Being seen, heard and valued for who we are
In our one to one coaching and training programmes, we place significant emphasis on listening. This is essential if you are to see, hear and value each others’ unique gifts and lived experience. Being empathetic, letting go of assumptions and biases as a listener takes practice, and is essential in building true connection and relationship.
Compassionate challenge
Once trust is built through listening, it’s right that we offer challenge. We do this with compassion, in other words, everything we offer is accompanied by our very best intentions for another person’s growth.

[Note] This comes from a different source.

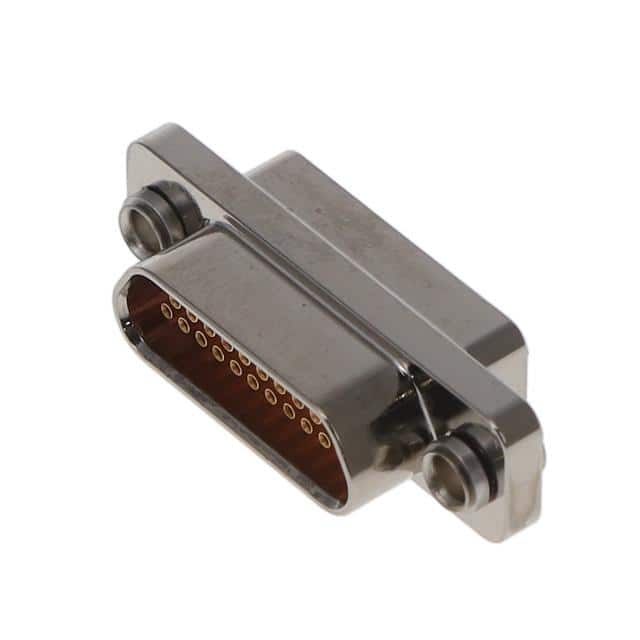 MDM-21SSF-A174 MICRO 21 F SOD FLOAT A174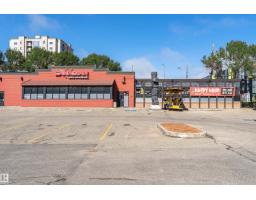 #1101 10909 103 Av Nw, Edmonton, AB T5K2W7 Photo 32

Steps towards individual and collective purpose
A brilliant and underused way of amplifying capacity within an organisation is to be curious about purpose. When was the last time you asked or were asked questions like:
- What are you great at?
- What do you love about your role?
- What brings you joy?
- Tell me about a time when you had an impact on someone that matters to you?
- In your day, when do you feel most alive?
- What are you longing for?
In our training, we dive into these questions so that you can articulate and access your purpose, then take steps to do the work you are longing to do and that the world needs. We invite you to view others with this lens, to be curious about who they are, what their gifts are and whether they are being well used. Then you can explore how individual purpose aligns with and amplifies organisational purpose.
Connection to internal and external resources
For a role in education to be sustainable, we must take responsibility for staying in contact with our resources. Our internal resources are our values, purpose, strengths – what can you do to make these resources more conscious and core to your every day? Equally, we must be in touch with our external resources: our friendships, networks, mentors, coaches, interests, the natural world and more.
To create regenerative spaces with these qualities is our purpose and aspiration. Our hypothesis is that by creating regenerative spaces in partnership with you, we are better able to meet the pressing demands and challenges of the present and future world – remaining well and connected to each other in the process.
To close, a poem that acknowledges the difficulties that we face, and how a regenerative space can bring us back to ourselves and possibilities for revitalised being, thinking and doing.
The Peace of Wild Things by Wendell Berry
When despair for the world grows in me
and I wake in the night at the least sound
in fear of what my life and my children’s lives may be,
I go and lie down where the wood drake
rests in his beauty on the water, and the great heron feeds.
I come into the peace of wild things
who do not tax their lives with forethought
of grief. I come into the presence of still water.
And I feel above me the day-blind stars
waiting with their light. For a time
I rest in the grace of the world, and am free.